Bail in federal court is very different from bail in the state system. Bail bondsmen are rarely used in federal court, and for indigent defendants, there is rarely a cash component to a federal bail. Instead, the judge will set your bond amount with conditions that may include co-signers to ensure your return to court. A bond is basically a contract between you, your co-signers, and the government. This contract requires that you show up to your court dates and comply with the conditions of the bond. If you do not, the government can collect up to the full amount of the bond from you and each of your co-signers. Failure to comply with all of the release conditions can result in the forfeiture of bond and the revocation of release conditions (return to custody).
How is my bail decided?
Prior to your first hearing, a member of the court's Pretrial Services Office will speak to you and as many of your family members as possible. This person works for the court. The officer will gather information about your background and personal circumstances and file a report with the judge, prosecutor, and defense counsel with recommendations about whether the judge should release you and under what conditions.
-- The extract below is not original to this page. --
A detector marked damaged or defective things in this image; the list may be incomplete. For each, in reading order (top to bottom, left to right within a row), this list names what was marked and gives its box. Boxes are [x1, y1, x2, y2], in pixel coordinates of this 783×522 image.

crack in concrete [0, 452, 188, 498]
Remember that the Pretrial Services Officer works for the court, not for your lawyer. It is your choice whether to be interviewed, but you should discuss this decision with your lawyer first. Pretrial services will not ask you details about your case and you should not discuss your guilt or innocence with anyone except for your assigned lawyer.
If a Pretrial Services Officer asks to talk to you before you have seen your lawyer, tell the Officer that you want to speak to your lawyer before you decide what to do. If you agree to an interview, be honest. You can refuse to answer any question, but any answer you do give must be the truth. Lying to a Pretrial Services Officer can be used against you at sentencing if you are later convicted, and is also a separate crime. Your lawyer will help you decide whether to be interviewed and what to discuss.
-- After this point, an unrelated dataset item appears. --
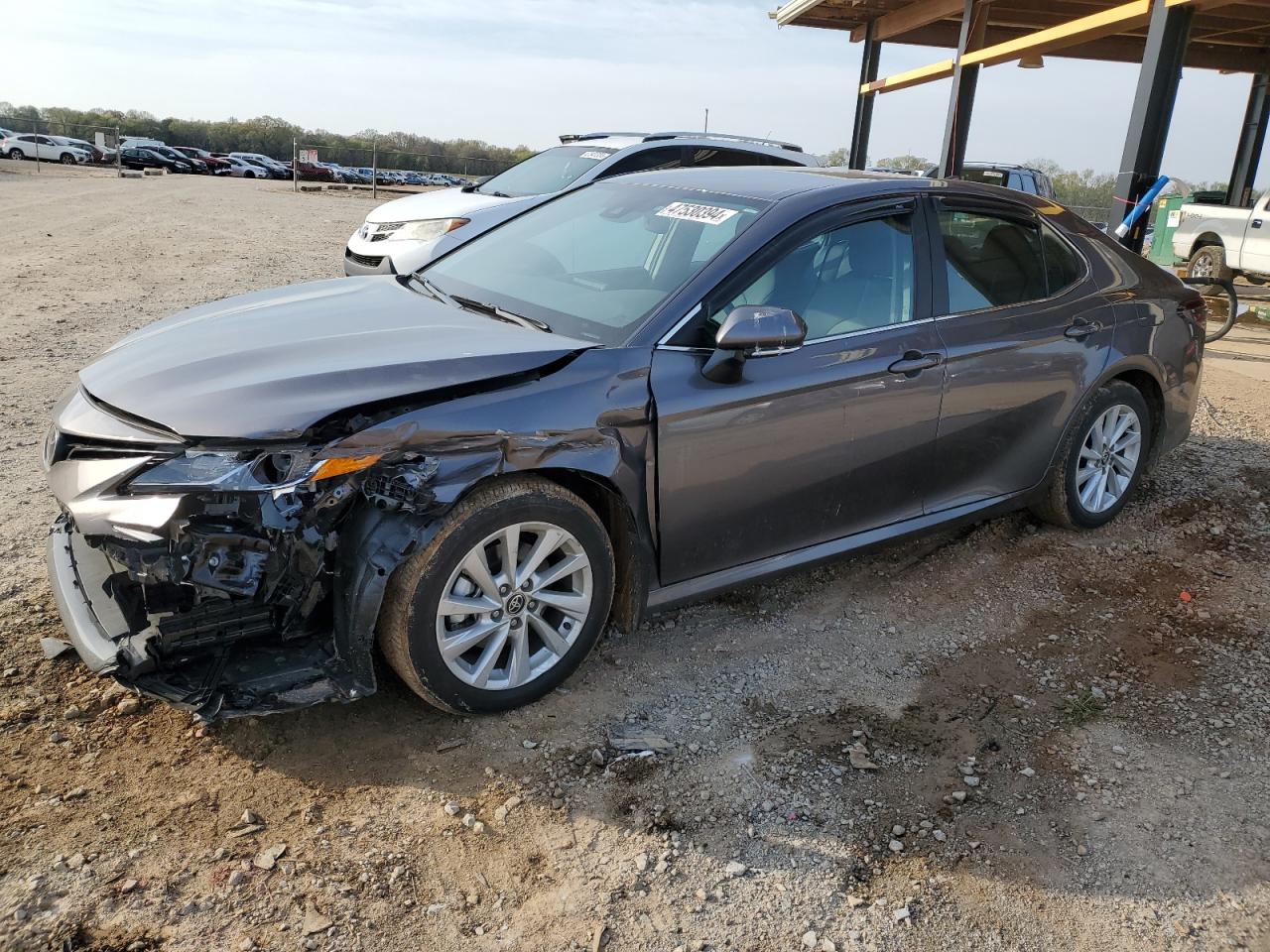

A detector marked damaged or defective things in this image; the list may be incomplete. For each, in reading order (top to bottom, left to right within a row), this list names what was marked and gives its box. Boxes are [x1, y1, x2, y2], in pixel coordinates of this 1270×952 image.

crushed hood [79, 276, 595, 438]
broken headlight [124, 448, 385, 494]
damaged toyota camry [45, 168, 1206, 718]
After the interview, the pretrial officer will prepare a report and make a recommendation to the judge regarding your bail. However, the judge is not required to follow this recommendation. The judge in your case is the ultimate decider of whether or not you will be released and what the conditions of your release should be.
What types of pretrial conditions can the court impose?
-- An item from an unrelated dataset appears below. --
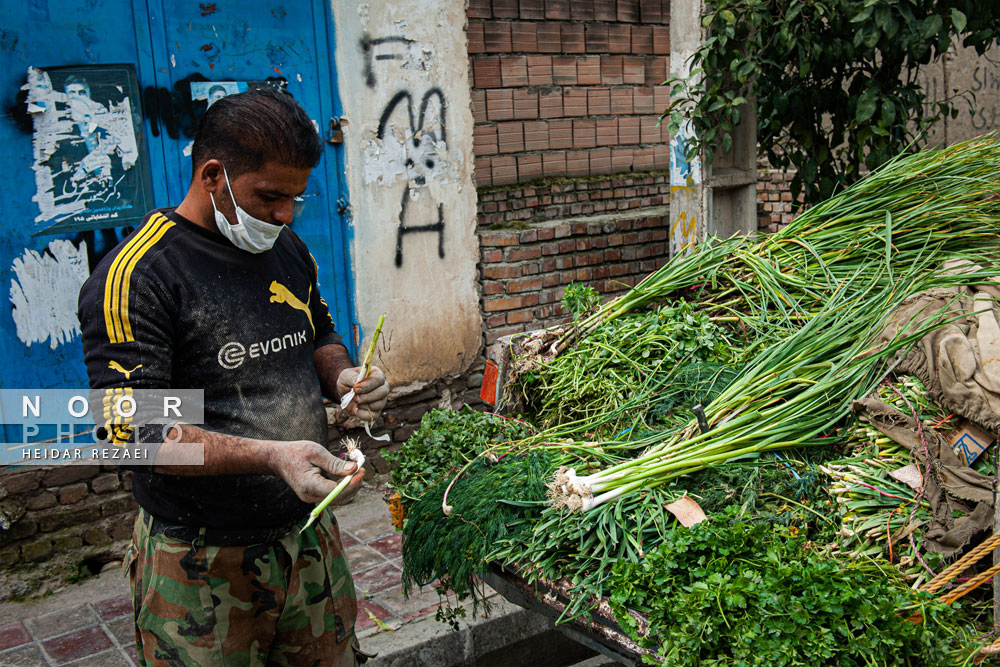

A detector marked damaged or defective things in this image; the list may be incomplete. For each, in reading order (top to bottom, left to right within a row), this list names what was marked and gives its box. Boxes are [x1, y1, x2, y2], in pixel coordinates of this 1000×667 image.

torn poster on wall [22, 63, 152, 235]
Each case differs, but here is a list of conditions that the Judge may impose for your bond:
Pretrial supervision, drug testing, mental health treatment, travel restricted to the state of Arizona, the surrender of all travel documents, electronic monitoring, curfew, etc. These conditions are enforced to ensure your appearance in court.
Who can be a co-signer on my bond?
Technically anyone lawfully residing in the country can be a co-signer on your bond. It is better if the cosigners are close family members or friends. It is also better if the co-signers have either some income or assets. However, in some cases, a co-signer without any income will be permitted to sign for “moral suasion.” You should discuss who you think could be a potential co-signer with your attorney.
How does a co-signer sign my bond?
Your co-signer will be contacted by a lawyer or paralegal from your attorney’s office and the conditions of the bond will be explained to him/her. The co-signer will then need to contact pretrial services. Your co-signer will need to bring the following documents to the interview:
· valid photo ID
· Social Security card
· two most recent paystubs
· most recent w-2 form
· most recent bank account statement
Pretrial Services may need to see these documents in order to verify that your co-signer is employed and a financially responsible person. The information on these documents is not shared with anyone.
If your co-signer is approved by Pretrial Service Court, he/she will need to sign the bond at the local federal court house.
Where will I be released?
You may be released to the custody of Pretrial Services, located on the 2nd floor of the federal courthouse in Tucson or from the Marshal’s cellblock on the 2nd floor of the federal courthouse in Tucson. In Phoenix, Pretrial Services is located on the US Marshal's cellblock.
Will transportation be arranged for me after my release?
You will need to arrange for your own transportation home. You may come to your federal defender's office to use the phone to call your family.
What happens if I am accused of violating one or more of my pretrial release conditions?
If you are accused of violating your pretrial release conditions, the court will hold a hearing regarding the alleged violation and may either place you in custody, modify the conditions of your release, or take no action at all.
The judge must find probable cause that you committed a new crime or clear and convincing evidence that you violated a condition of your release before revoking bail. Either the court on its own motion or the prosecutor may move to forfeit your bond.